» GIVEN RECORDS:

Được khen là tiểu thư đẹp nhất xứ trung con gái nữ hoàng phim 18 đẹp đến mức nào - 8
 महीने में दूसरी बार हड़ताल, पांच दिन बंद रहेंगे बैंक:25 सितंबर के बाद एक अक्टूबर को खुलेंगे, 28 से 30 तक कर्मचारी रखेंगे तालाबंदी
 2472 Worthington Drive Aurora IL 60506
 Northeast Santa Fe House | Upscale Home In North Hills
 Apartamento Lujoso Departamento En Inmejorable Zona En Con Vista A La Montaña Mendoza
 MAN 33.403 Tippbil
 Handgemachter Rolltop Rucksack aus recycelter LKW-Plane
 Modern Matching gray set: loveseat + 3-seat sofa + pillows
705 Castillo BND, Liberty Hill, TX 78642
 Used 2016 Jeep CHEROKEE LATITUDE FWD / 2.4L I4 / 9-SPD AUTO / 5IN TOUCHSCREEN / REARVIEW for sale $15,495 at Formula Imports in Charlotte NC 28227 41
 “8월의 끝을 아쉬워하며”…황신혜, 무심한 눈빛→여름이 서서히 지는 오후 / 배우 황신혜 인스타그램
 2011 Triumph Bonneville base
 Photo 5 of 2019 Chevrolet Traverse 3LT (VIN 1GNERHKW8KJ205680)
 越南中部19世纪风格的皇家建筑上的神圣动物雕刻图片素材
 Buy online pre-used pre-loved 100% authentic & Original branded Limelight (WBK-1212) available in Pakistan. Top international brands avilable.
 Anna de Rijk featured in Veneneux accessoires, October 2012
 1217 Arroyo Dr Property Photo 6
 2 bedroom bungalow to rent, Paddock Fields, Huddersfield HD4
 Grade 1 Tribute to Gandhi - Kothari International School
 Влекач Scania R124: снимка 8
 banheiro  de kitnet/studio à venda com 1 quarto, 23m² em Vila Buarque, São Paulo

» WHAT THIS TASK INVOLVES: All lines in the records above that contain "Photo" are to be reported.

» RESPONSE AREA:
 Photo 5 of 2019 Chevrolet Traverse 3LT (VIN 1GNERHKW8KJ205680)
 1217 Arroyo Dr Property Photo 6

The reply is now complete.